A project log for Honeybee Hive Monitoring

Recording weight, hive temperature, and weather data toward better management and understanding of honeybees.

ken-meyerKen Meyer 10/09/2014 at 01:490 Comments

It'll be a couple days until I know if I made it into the final round of the Hackaday Prize competition, but in the mean time, I've made some great progress toward a better scale.

I've been very unimpressed with the temperature sensitivity of the cheap postal scale, especially when I had much better results with the $160 Adams postal scale, so I've always wanted to mount my own load cell on a simple frame. However, I really don't think wood will be strong enough to handle the 400+ pound load, especially considering transient loads when heavy boxes are heaved onto the hive, and given that the load cell is mounted top and bottom on a cantilevered 1" square.

My plan has always been to get a metal plate welded into a steel frame of square tubing, but that involves either a few weeks of learning basic welding or begging for friends to help. Somehow I saw a reference to OpenBeam, a kickstarter open-source aluminum extrusion system, and I picked up the pieces I'd need to build a frame for my scale!
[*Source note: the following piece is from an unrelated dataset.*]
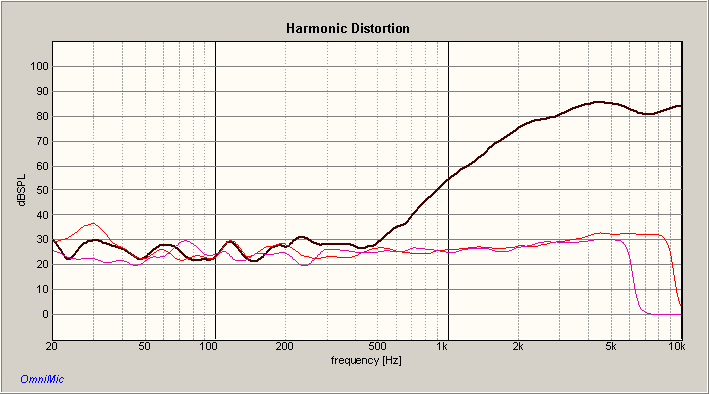 DYNAVOX TD2801XL HARMONIC DISTORTION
Here's the frame with the aluminum plate slotted nicely into the extrusion and supported on all sides. I originally tried an H configuration, but found it to be awfully twisty so I added additional cross pieces at the top and bottom of the H. The extrusion isn't exactly cheap, but it gives me a lot of flexibility in prototyping (for example, quickly and easily adding extra bracing) that I wouldn't have if I had jumped straight to a welded piece.

I had the 1/8" aluminum plate machined for me to the right dimensions from http://OnlineMetals.com. As is often the case, I don't really have the right tools for machining easily available to me, and they (along with other machining services) make life a LOT easier for this kind of prototyping!
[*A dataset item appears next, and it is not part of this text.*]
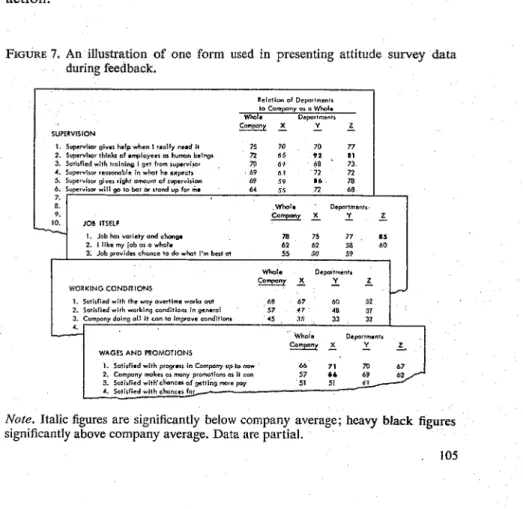 Figure  7  illustrates one  type  of  chart used in presenting the information  for discussion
I still need to pop 4 holes in the aluminum for mounting the load cell, bolt together the second frame (one above, one below the load cell) then it'll be ready to test it out. Here's the load cells I'm using. The aluminum plate is sized to be about 1" wider than the load cell, and the width was tweaked to 2.65" to match the length of those precut small pieces I got on Amazon.com.

I also quickly ordered some regulators from Digikey to increase the excitation voltage. I'm bumping the 3.3V up to 12V, then using a 10V voltage reference to drive the load cell. I'm still worried about drift between the HX711 and the voltage reference adding to the error, but in a final design, I'll need to test out a few designs. Off hand, I'll probably try using temperature-stable resistors in a voltage divider (as long as any temperature variation is consistant, I should be able to remove it in software), try a 5V reference that can be used directly in the MCP3551 22bit ADC.

In short, while I might have a system running very soon, I've got months of testing to find the best configuration before I really settle on a design (at which point, some brilliant EE will likely jump in and show me how it really SHOULD be done) but I'm very close to deploying a system that actually collects data!